Problem to solve: In the entries below, find the line with "A swimming pool" and the line with "Message de fidélité". Print those two and everything between them exactly, and nothing else.

Record set:

* * * *

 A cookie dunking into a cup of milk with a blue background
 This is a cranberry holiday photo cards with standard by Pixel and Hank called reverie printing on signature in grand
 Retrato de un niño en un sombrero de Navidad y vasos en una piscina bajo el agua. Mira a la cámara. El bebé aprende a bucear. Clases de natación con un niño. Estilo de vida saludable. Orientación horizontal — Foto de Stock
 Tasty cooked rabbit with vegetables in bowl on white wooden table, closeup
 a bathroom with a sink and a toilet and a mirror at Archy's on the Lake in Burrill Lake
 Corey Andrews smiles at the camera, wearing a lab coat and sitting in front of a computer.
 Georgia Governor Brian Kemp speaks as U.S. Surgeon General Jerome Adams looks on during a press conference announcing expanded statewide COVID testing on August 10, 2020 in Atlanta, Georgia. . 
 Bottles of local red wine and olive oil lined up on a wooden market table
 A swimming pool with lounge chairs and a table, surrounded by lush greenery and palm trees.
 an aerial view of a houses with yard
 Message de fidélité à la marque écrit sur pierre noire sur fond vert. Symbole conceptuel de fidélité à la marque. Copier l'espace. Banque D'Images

* * * *

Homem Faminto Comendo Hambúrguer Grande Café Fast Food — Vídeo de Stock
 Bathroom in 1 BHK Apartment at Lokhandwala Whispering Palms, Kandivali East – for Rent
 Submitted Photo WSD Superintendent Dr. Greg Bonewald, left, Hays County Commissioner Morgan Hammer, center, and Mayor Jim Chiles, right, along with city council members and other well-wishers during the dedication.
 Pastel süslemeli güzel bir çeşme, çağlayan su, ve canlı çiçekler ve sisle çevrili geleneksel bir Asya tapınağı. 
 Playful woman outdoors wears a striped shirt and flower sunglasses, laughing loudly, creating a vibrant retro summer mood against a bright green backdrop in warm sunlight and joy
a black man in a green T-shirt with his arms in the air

* * * *

Answer below:
 A swimming pool with lounge chairs and a table, surrounded by lush greenery and palm trees.
 an aerial view of a houses with yard
 Message de fidélité à la marque écrit sur pierre noire sur fond vert. Symbole conceptuel de fidélité à la marque. Copier l'espace. Banque D'Images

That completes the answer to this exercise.